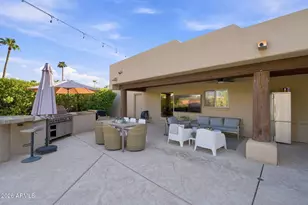 9827 N 65th Pl, Paradise Valley, AZ 85253 - Photo 50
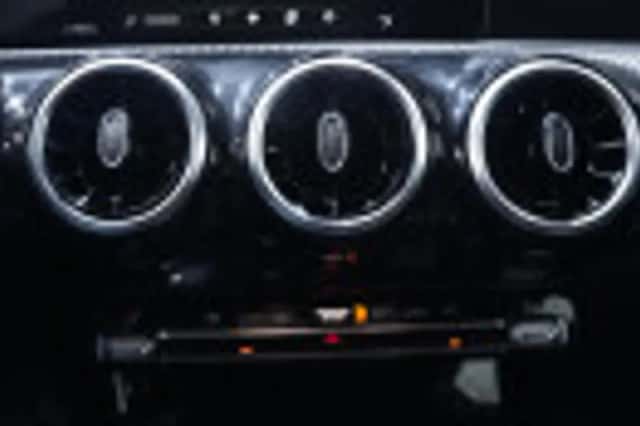 Mercedes-Benz CLA-Klasse (2023) thumbnail 81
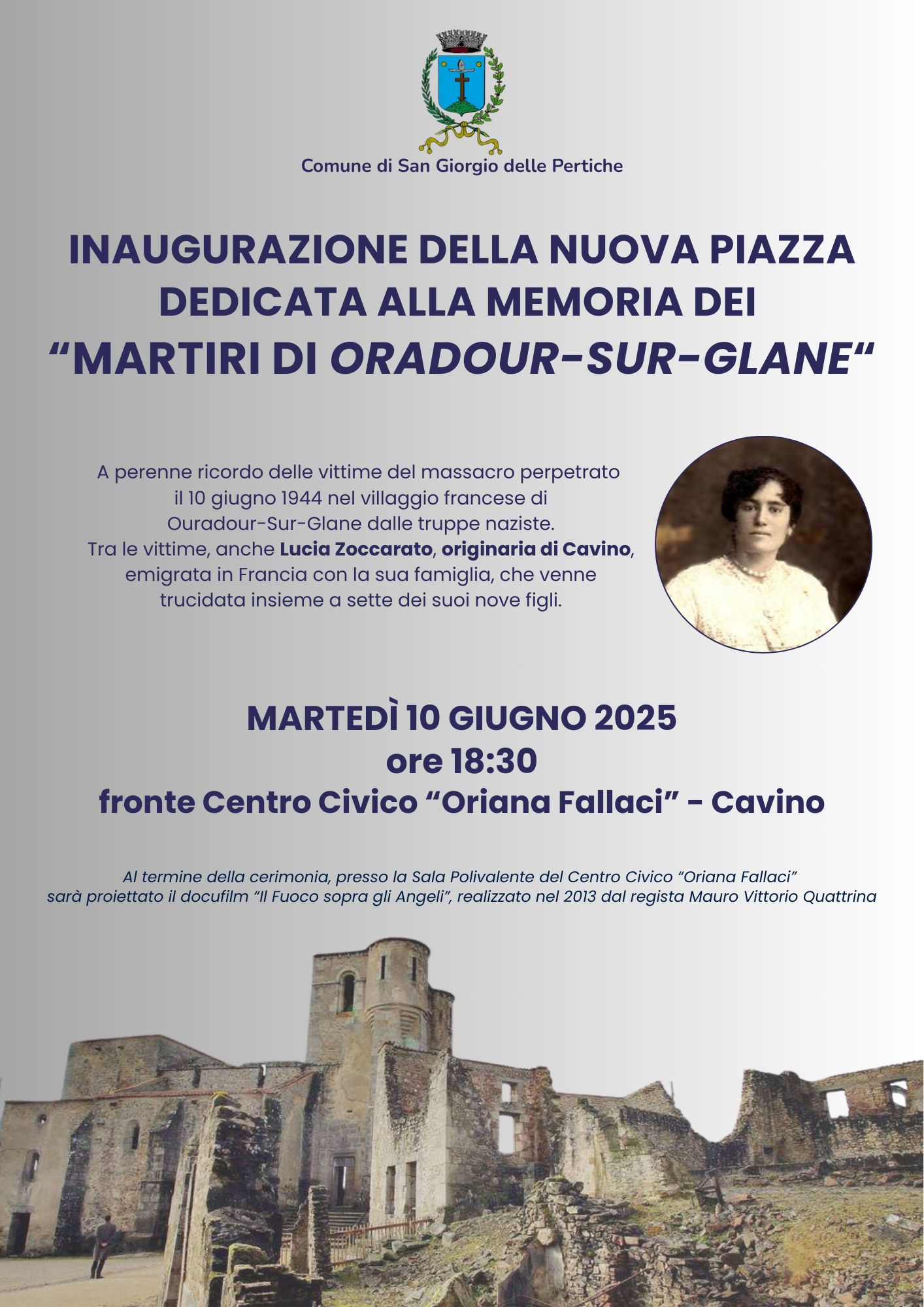 descrizione immagine
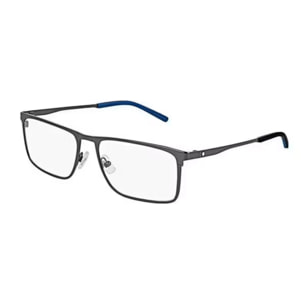 Montura de gafas Montblanc Hombre MB0106O-002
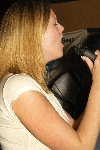 Click to see _DSC0182.JPG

> [EXERCISE] Transcribe every entry word for word, but skip the pictures.

> [EXERCISE RESULT]
 9827 N 65th Pl, Paradise Valley, AZ 85253 - Photo 50
 Mercedes-Benz CLA-Klasse (2023) thumbnail 81
 descrizione immagine
 Montura de gafas Montblanc Hombre MB0106O-002
 Click to see _DSC0182.JPG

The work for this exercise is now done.